[Caption-style text data]
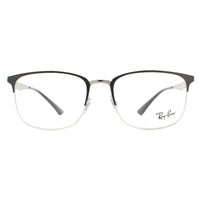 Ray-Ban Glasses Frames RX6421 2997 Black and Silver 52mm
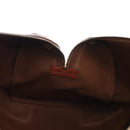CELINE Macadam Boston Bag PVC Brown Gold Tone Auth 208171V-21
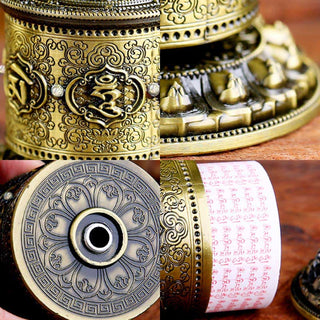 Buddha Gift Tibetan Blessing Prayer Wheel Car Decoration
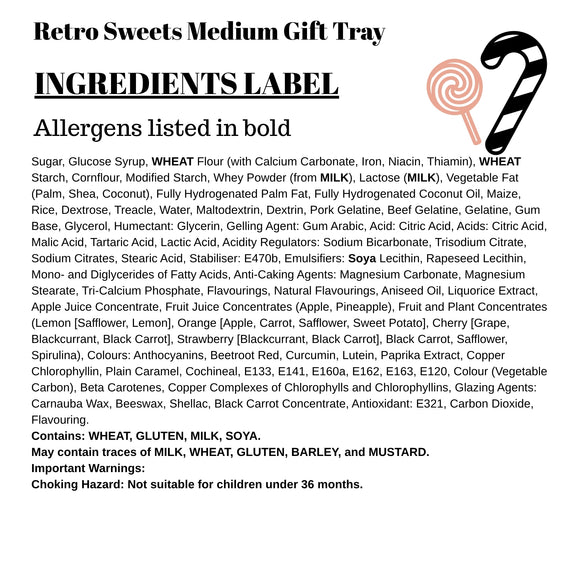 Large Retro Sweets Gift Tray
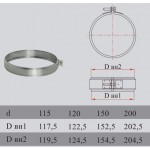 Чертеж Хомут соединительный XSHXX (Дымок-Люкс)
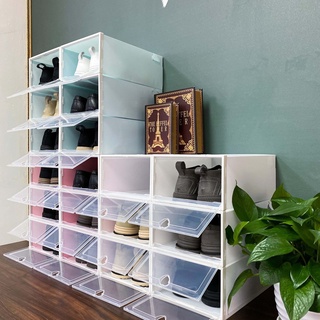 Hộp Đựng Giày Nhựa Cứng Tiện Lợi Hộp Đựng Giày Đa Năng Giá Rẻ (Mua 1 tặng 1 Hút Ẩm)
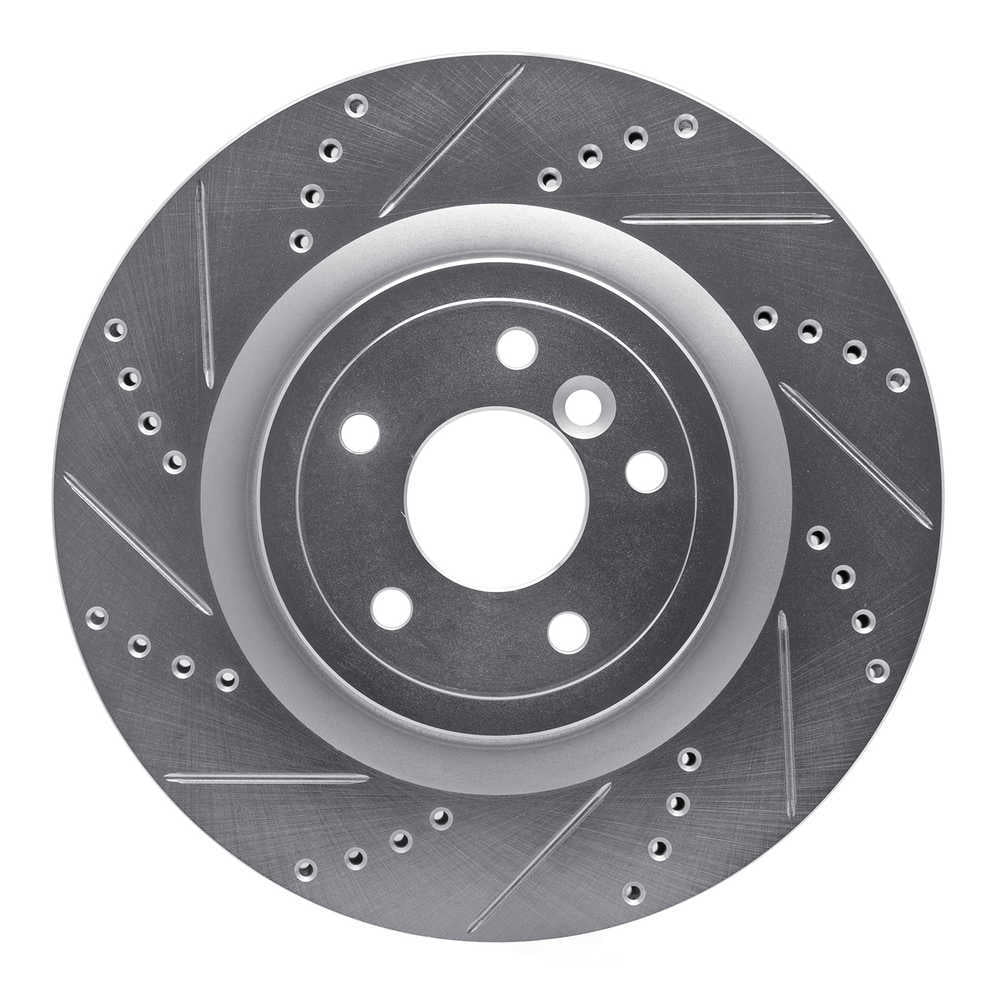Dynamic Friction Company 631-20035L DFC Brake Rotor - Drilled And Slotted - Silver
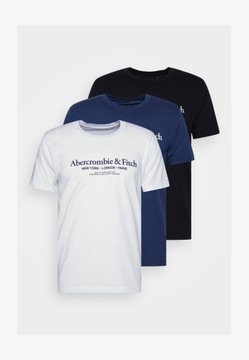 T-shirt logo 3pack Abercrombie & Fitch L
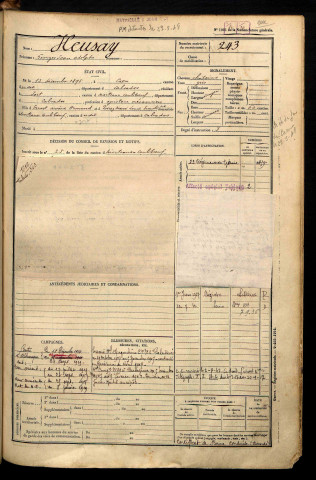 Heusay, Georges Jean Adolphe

▶ _PROBLEM_
Write out the entries again, word for word. No images.

▶ _TASK SOLUTION_
 Ray-Ban Glasses Frames RX6421 2997 Black and Silver 52mm
CELINE Macadam Boston Bag PVC Brown Gold Tone Auth 208171V-21
 Buddha Gift Tibetan Blessing Prayer Wheel Car Decoration
 Large Retro Sweets Gift Tray
 Чертеж Хомут соединительный XSHXX (Дымок-Люкс)
 Hộp Đựng Giày Nhựa Cứng Tiện Lợi Hộp Đựng Giày Đa Năng Giá Rẻ (Mua 1 tặng 1 Hút Ẩm)
Dynamic Friction Company 631-20035L DFC Brake Rotor - Drilled And Slotted - Silver
 T-shirt logo 3pack Abercrombie & Fitch L
 Heusay, Georges Jean Adolphe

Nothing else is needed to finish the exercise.